Just because Runge spent Monday afternoon publicly being announced as the Salt Lake Golden Eagles' new general manager, replacing Marc Amicone, who resigned to take a University of Utah marketing job, doesn't mean he won't go on being Mike Man for the Trappers, the University of Utah's football, basketball and gymnastics teams, and half the other sporting events in town. And probably still for the Eagles. He's been their PA man for 17 years.

He'll not have to give up his commercials - Larry H. Miller Toyota, Wendy's hamburgers, Pro Golf shop - or his announcing work unless there's a conflict on a certain date.

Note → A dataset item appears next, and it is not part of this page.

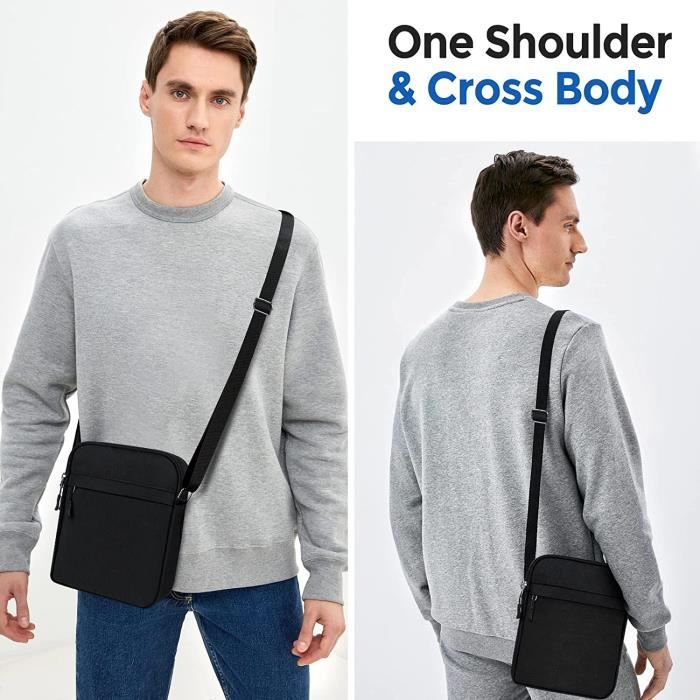 Sac Bandouliere Hommes avec 5 Pockets Petit Sacoche Bandouliere Homme et Femme pour Voyage Randonnee et Sports Noir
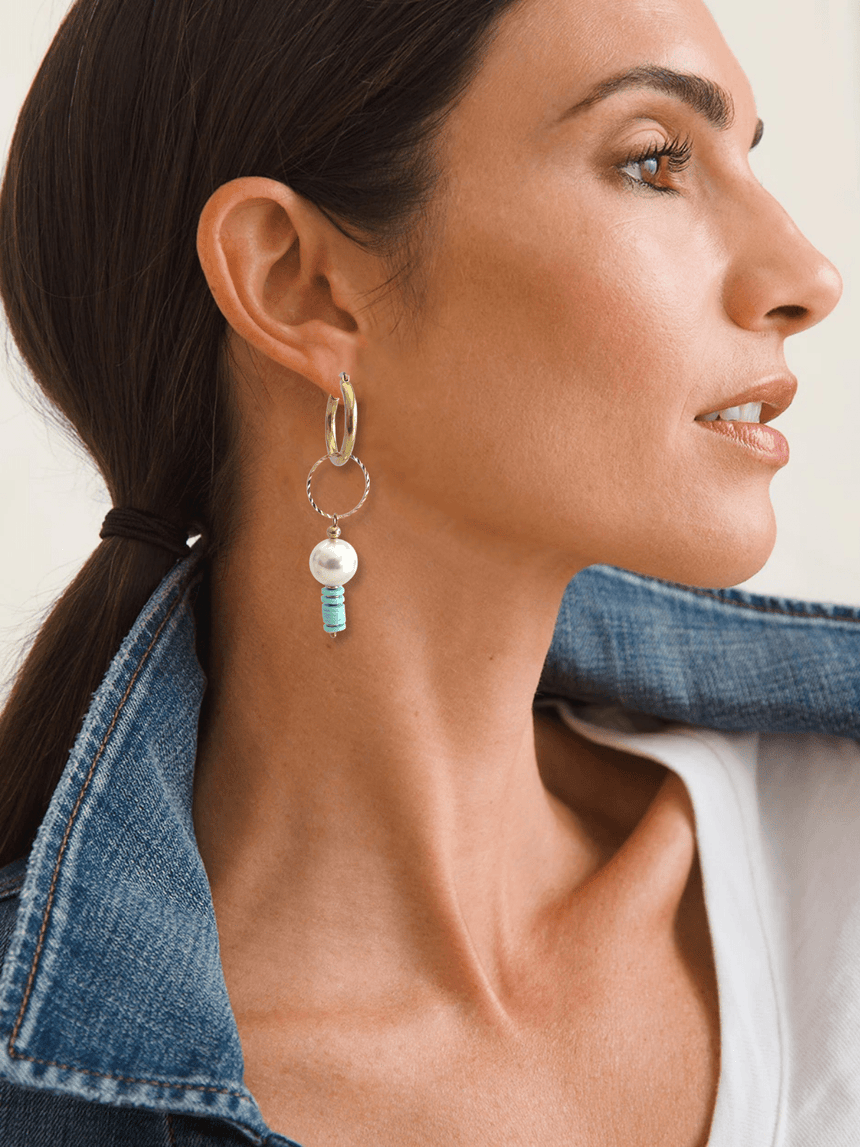 Isez veelzijdige turquoise oorringen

In fact, says Runge, whose roots in the Eagles run even deeper than do those of owner Art Teece, his extracurricular jobs will probably enhance his role with the Eagles.

The Eagles have finally gotten a product that is equal to or better than what they displayed at the turn of the decade, when they averaged 7,100 in attendance. They have finally gotten a league worthy of national billing - the International League now has seven No. 1 NHL affiliations.

What they need now is a higher profile within the community, and Runge, ever the salesman, sees that as his role as their new general manager.

When people see Frank Layden in commercials, they think of the Utah Jazz. When Runge appears, now they'll think of the Eagles, he figures.

Amicone worked behind the scenes to get NHL teams to leave the American League and move their farm systems to the IHL, and he quietly helped cut costs. Other IHL teams, once suspicious of the Westerners, found Teece and Amicone true to their words and have rewarded that responsibility by trimming the travel costs the Eagles have to pay for visiting teams and by making scheduling concessions to them to make finances easier.

Those things are done.

The Flames do their own player-personnel work.

So Runge will change the GM's emphasis now to one of marketing and public image-making. He'll work on corporations to buy Eagles the way many have bought Jazz in the past few years.

If they haven't been aware of the Eagles in the past, many people will be aware of them now just because they know Runge, the commercial-maker, the PA man, the disc jockey, the former traffic copter reporter, the national board member of the National Society to Prevent Blindness - one of Salt Lake City's most celebrated workaholics, a man who drives a Jaguar but prefers arena/ballpark hot dogs to steaks.

Runge, 49, a U. of U. marketing grad, was most recently the morning man at KLUB AM-57 radio for about 15 months after leaving his job as program director at KALL AM-910. He'd been at KALL 14 years as helicopterized traffic reporter, disc jockey and programming director. When KLUB became KISN AM-57 and changed its format a few weeks ago, Runge's position was eliminated.